(What the task asks):
Skip the pictures. Give all the data again exactly.

(Data extract):
□ □ □ □ □
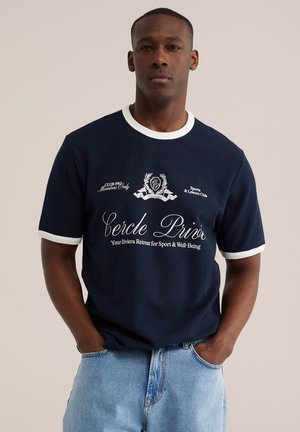 Jeune homme portant un t-shirt bleu marine avec bordure blanche et texte, associé à un jean bleu clair, debout les mains dans les poches.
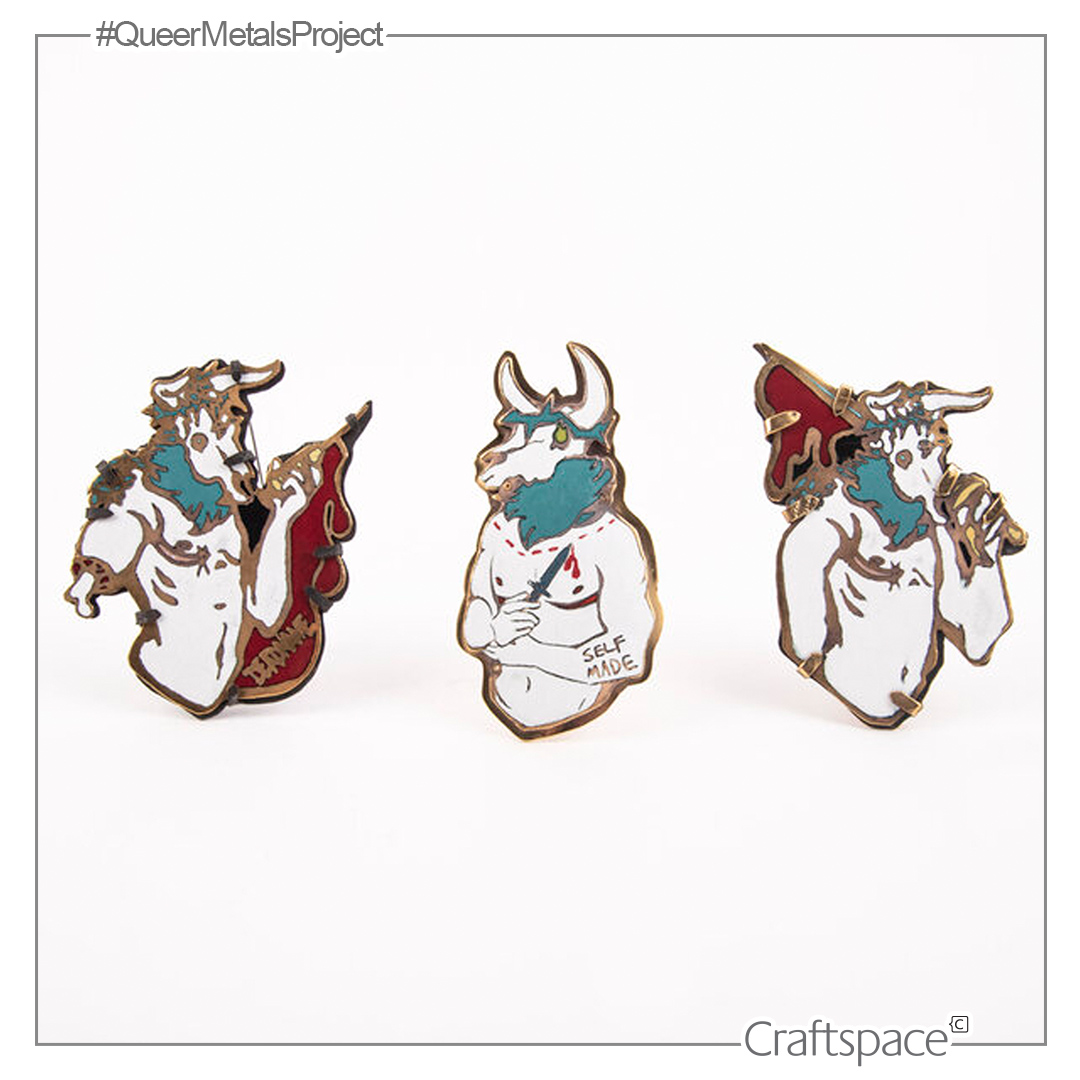 Three enamel figures of white and blue mythical minotaurs, truncated at the waist, each hold a different item.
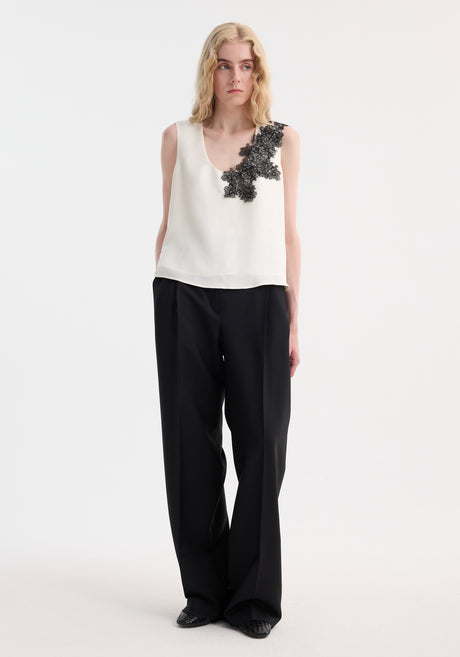 Slim woman in a Scoop-neck silk lace top with intricate black floral lace on shoulder, paired with high-waisted trousers. Perfect for minimalist wardrobes.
□ □ □ □ □
(Result for this exercise):
 Jeune homme portant un t-shirt bleu marine avec bordure blanche et texte, associé à un jean bleu clair, debout les mains dans les poches.
 Three enamel figures of white and blue mythical minotaurs, truncated at the waist, each hold a different item.
 Slim woman in a Scoop-neck silk lace top with intricate black floral lace on shoulder, paired with high-waisted trousers. Perfect for minimalist wardrobes.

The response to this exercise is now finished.